Vaughan already was working with the school districts in Boerne and nearby Fredericksburg, Texas, on tech accreditations when he thought to tap into the student body for what would ultimately become an internship program for the dealership.

It started as more of an apprenticeship, Vaughan said. The first candidate was Stone Bennett. He received mentoring in different disciplines of the fixed operations business. Upon completion, Vaughan paid for him to attend the two-year T-TEN program in Waco, Texas.

Farming for talent required a big grassroots commitment from Vaughan and his team.

“We want to develop the relationship with school districts, and they’re looking for programs that can widen the horizon of their students and give them a broader perspective on automotive,” Vaughan said. He noted that students who are more interested in an advisory role can bypass T-TEN and opt into a six-month course called Vaughan Automotive Individual Development Program.

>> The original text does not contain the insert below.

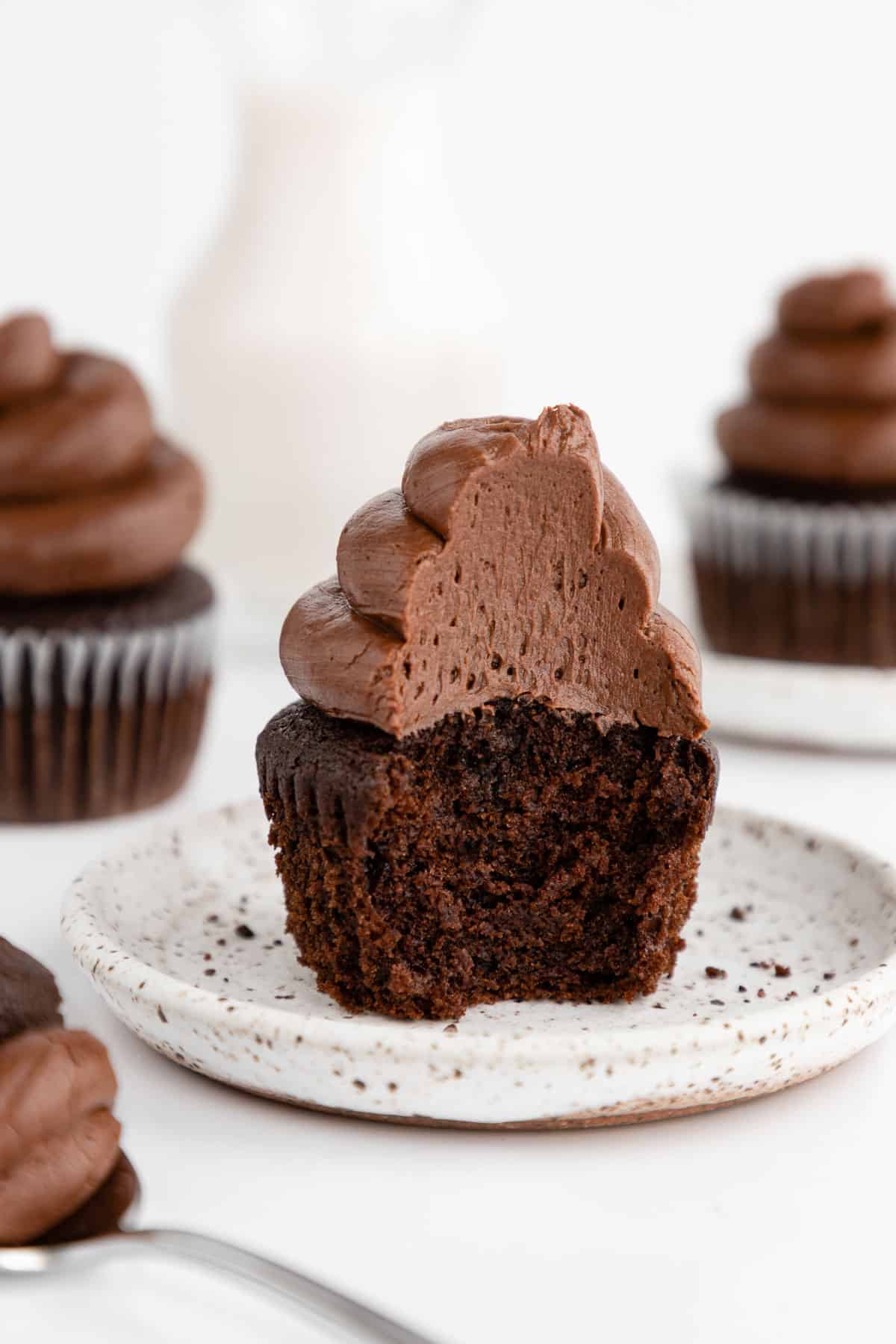 a partially eaten vegan chocolate cupcake with chocolate buttercream frosting sitting on a ceramic dessert plate, surrounded by a glass of almond milk and additional cupcakes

Vaughan says his “grow from within” method yields multiprong results: It builds company loyalty, fosters camaraderie among team members and, perhaps most immediately, helps control labor costs and reduces turnover. It moves away from the industrywide situation of technicians in one dealership working for disparate wages — which Vaughn refers to as a “Frankenstein” pay scale.

“It’s where you’ve promised all these different techs of different walks of life different pay plans, and you’re praying that they don’t share their pay plans with each other,” he said.

“As a business owner, you have to try to put the right job with the right tech and manage that average cost of labor,” Vaughan said. “You have to have a good balance of lower-level technicians, mid-level technicians and master-level technicians.

“In 10 years, you look up, and 65 percent of your technicians are still with you.”

Mike Calvert Toyota is the second dealership in the Vaughan Automotive portfolio. Vaughan came on board at Mike Calvert as an executive manager in late 2018 and worked for two years to improve the store before it was officially folded into the group in January 2021.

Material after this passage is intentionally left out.